A few months later, a seventh conspirator was recruited. This was Catesby’s servant Thomas Bates, who according to his confession joined the Plotters in early December 1604. Bates must surely have had his suspicions about a Plot already. He was not a menial, since he was allowed his own armour and his own servant at Ashby St Ledgers. Bates, born at Lapworth, was more of a retainer, part of Catesby’s ‘family’ or intimate household; and he was known to be absolutely devoted to his master.29 Bates’ own family consisted of an independent-minded wife called Martha. (The conspirators’ wives constituted a remarkable group: but then they were part of the larger, resolute and often intrepid body of Catholic women.)
However, Bates’ confession is one of the more unreliable pieces of evidence surrounding the events of the Plot. His lower social standing was relevant here for it meant that he could be subject to special pressures from the authorities. On the one hand he might – conceivably – hope to get off where the other more senior Plotters could not, or be induced to believe that such a chance existed. On the other, the ultimate threat of torture was routinely seen as a matter of social hierarchy: people without proper rank in the estimation of the governing class were much more likely to be subject to it than their superiors. Nor should too much attention be paid to Bates’ so-called revelations concerning the priests, including Father Tesimond.
In the context it is unsurprising to find Bates claiming to confess his sin in advance to Tesimond (that persistent Protestant smear on Catholics and the Sacrament of penance). In Bates’ official version he was not only absolved but encouraged by Tesimond with the words ‘that it was no offence at all, but justifiable and good’. What Bates probably did say under duress was much less incriminating: ‘he thought Father Tesimond knew something about this plot but he could not be certain’.30 Bates of course recanted at the last and apologised to those he had traduced.
At the time, Bates’ recruitment made every sense in view of his close, dependent relationship to Catesby. He was a practical man, his loyalty could be taken for granted and so could his silence. The circumstances where this might no longer be true – twelve months ahead – were, perhaps fortunately, beyond the conspirators’ imagining. In any case, their plans were shortly to meet with a startling reversal, as it must have seemed at the time.

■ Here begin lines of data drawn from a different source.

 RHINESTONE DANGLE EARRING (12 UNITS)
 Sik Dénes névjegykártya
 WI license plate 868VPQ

This reversal took the form of a postponement of Parliament, and in the event would be creatively used by the Plotters to elaborate and expand their plans. Nevertheless the announcement on Christmas Eve that Parliament would not after all sit again in early February, owing to renewed fears of the plague in London, must have come as a shock. The new date was 3 October 1605. That left many months of secrecy and planning ahead – months in which more help, either at home or abroad or both, might be recruited. Alternatively, of course, these were months in which news of the conspiracy might leak out, first in the secret recusant world, and then by degrees elsewhere through spies or covert governmental well-wishers high and low.

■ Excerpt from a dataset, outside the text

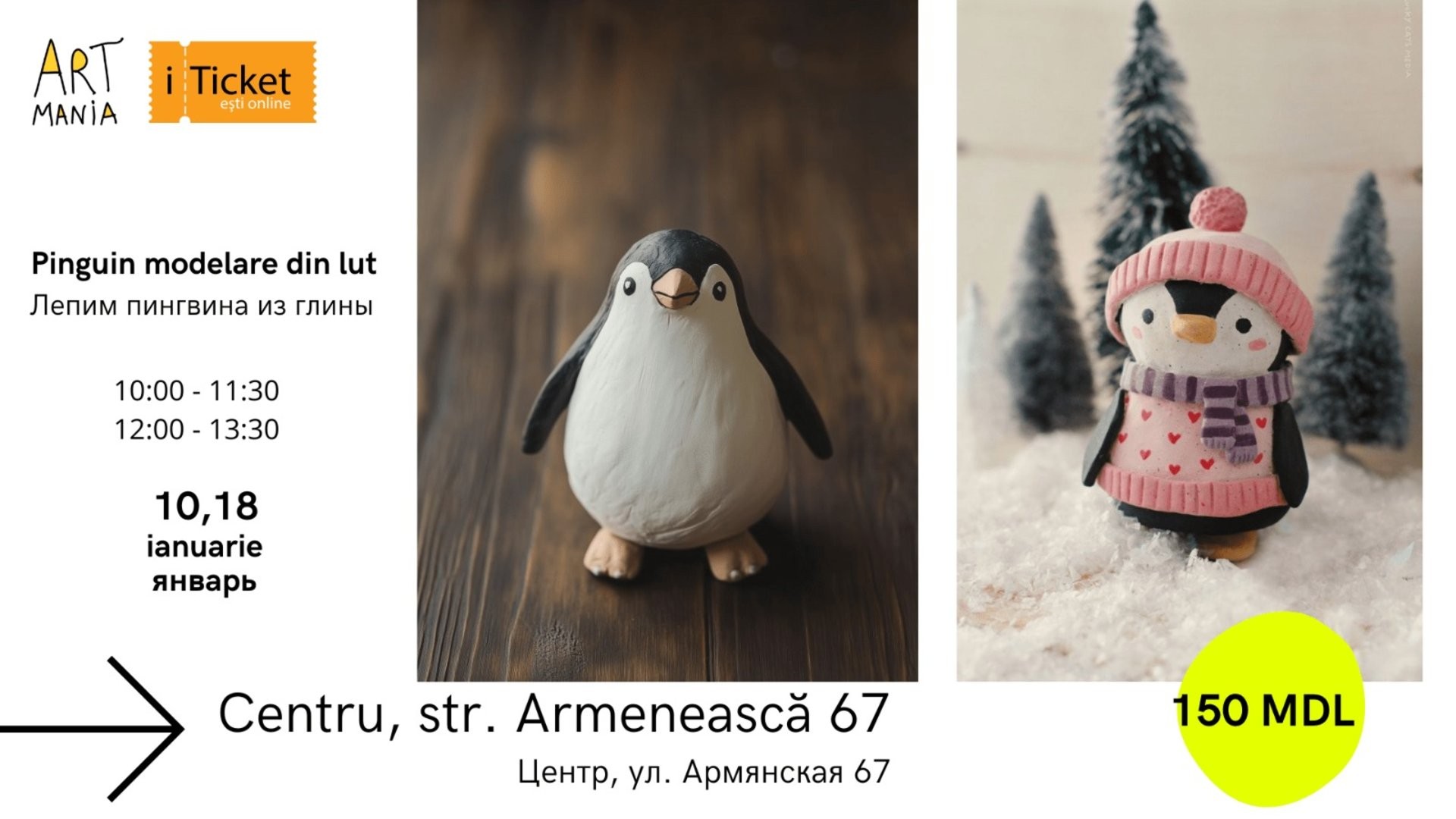 Atelier: Modelăm pinguin din lut!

The prosecution in its account of the conspiracy had the Plotters involved in an amazing and daring venture at this period. This was the digging out of a mine beneath the Palace of Westminster, which was intended to convey the gunpowder from the cellar of the Whynniard house within Westminster to a cavity under the House of Lords. The digging was supposed to have been begun on 11 December and abandoned as impractical on 25 March, because the foundation walls were in places eleven feet thick.

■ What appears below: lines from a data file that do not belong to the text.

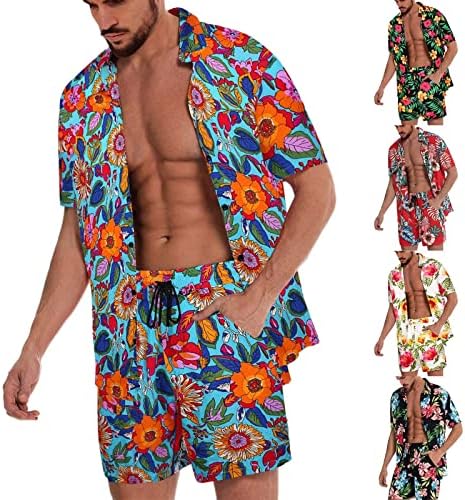 גברים אביב קיץ מערכות קיץ מזדמן חליפת חוף הוואי פרחונית כפתור מזדמן טרופי למטה מעיל שרוול קצר חליפת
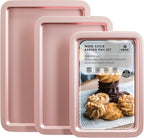 HONGBAKE Baking Sheet Pan Set, Cookie Sheet for Oven, Nonstick Bakeware Sets with Wider Grips, 3 Pack Half/Jelly Roll/Quarter Baking Tray, Premium, Dishwasher Safe-Pink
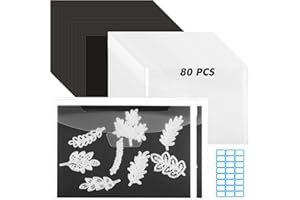 GCFOIR 80 Pcs 5 x 7 Inch Magnetic Sheets for Dies Storage 0.6 mm Thickness Non-Adhesive Magnetic Sheets with Die Storage Bags, Die Cut Storage Essential Set (40 Pcs Sheets+40 Pcs Pockets+Label Stickers)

This mine was most likely a mythical invention, used by the government to spice up the official account of the narrowly averted danger.* For one thing, no traces of this famous mine were ever found – nor have any traces of it ever been found since. If dug, it was quite brilliantly shored up. The sheer logistics of digging out such a subterranean passage would have been horrendous – particularly since none of the conspirators had any mining experience or knowledge and no move was ever made to import an experienced tunneller from the mining communities that had existed in England since ancient times. Catesby and Percy were both exceptionally tall men: Tesimond in his Narrative was astonished that they had been able to stoop to the work. Furthermore, the mind boggles at the problems of disposal within the busy Palace of Westminster. Some of the stones would have been enormous (far too big to lose in the little garden next door) and, if the Thames was used, it must be remembered that the river was at this date the main highway of a capital city.31
None of these obvious questions about the working of the mine was answered in any way by the prosecution. Nor was a real attempt made to do so. Sir Edward Coke, prosecuting, by admitting that the mine was ‘neither found nor suspected’ by the government until the danger was past, was able to tell a tall tale without risk of contradiction. It is notable that Guy Fawkes did not mention the subject at all until his fifth interrogation. By this time, he had been put to the torture and was in no position to quibble about such unimportant details as a mine which had played no part in the action and had subsequently vanished into the ground from whence it came. Even so, someone thought it necessary to add – in handwriting other than Fawkes’ own – a clarifying detail to his deposition. It was a mine leading ‘to the cellar under the Upper House of Parliament’.32 The wretched Guido obviously did not know the precise notional whereabouts of the phantom mine.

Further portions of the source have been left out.